Die Zurechnung von Einkünften oder Wirtschaftsgütern kann eine hochkomplexe Aufgabenstellung sein – die gesamte Leasingwirtschaft beschäftigt sich laufend mit dieser Frage – und die Beurteilung eines Geschäfts oder einer Handlung als „Scheingeschäft“ oder „Scheinhandlung“ ist sowohl wissenschaftlich als auch wirtschaftlich gesehen einer jener Graubereiche, die in jedem Rechtssystem seit Bestehen der Rechtsordnungen zu den herausforderndsten Beschäftigungen von Juristen zählen. Jede Korrektur von Verrechnungspreisen könnte unter diesen Titeln abgehandelt werden, viele Bilanzierungsentscheidungen im Bereich der Projektfinanzierung, etc.
4. Beraterhaftung
Die österreichische Wirtschaft braucht Berater, die gerade bei steuerlichen Fragen rasch und kompetent Auskunft geben können. Im vorliegenden Entwurf wird die besondere Gefahrengeneigtheit dieser Berufsgruppe zur Seite geschoben: Der Erfolgsunwert wird daran geknüpft, ob der Beratungsfehler zu einer Abgabenverkürzung führt, die EUR 30.000,00 übersteigt. In diesem Fall soll eine strafrechtliche Beraterhaftung schon bei leichter Fahrlässigkeit gegeben sein.

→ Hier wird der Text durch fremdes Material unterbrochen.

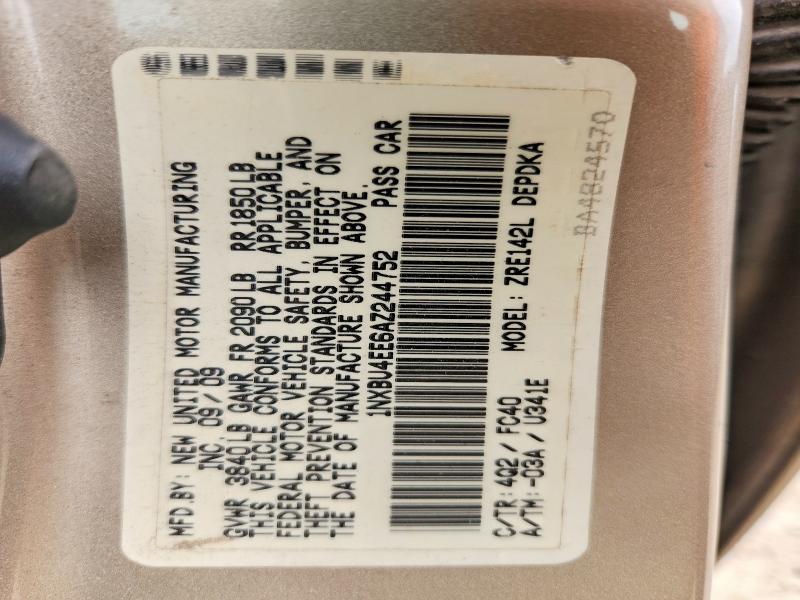 70325466 :رقم المزاد ، 1NXBU4EE6AZ244752 vin ، 2010 Toyota Corolla مزاد بيع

Eine derartige Risikoerhöhung der Berater ist aus Sicht der österreichischen Wirtschaft in höchstem Maße unbefriedigend, weil davon auszugehen sein wird, dass nahezu jede steuerliche Beratungstätigkeit für die österreichische Wirtschaft potenziell kriminalisiert wird (für Bagatellfälle werden Berater aus Kostengründen nicht beschäftigt). Diese Risikoerhöhung würde daher dazu führen, dass die Verbindlichkeit von Beratungsempfehlungen extrem reduziert wird. Dies kann aber auch nicht im Interesse der österreichischen Finanzverwaltung sein, weil damit bereits jetzt vorprogrammiert ist, dass das neue „Ruling-System“ – wenn es überhaupt anwendbar wäre, was gar nicht für alle Sachverhaltsgruppen sicher ist – von Beginn weg hoffnungslos überlastet wird.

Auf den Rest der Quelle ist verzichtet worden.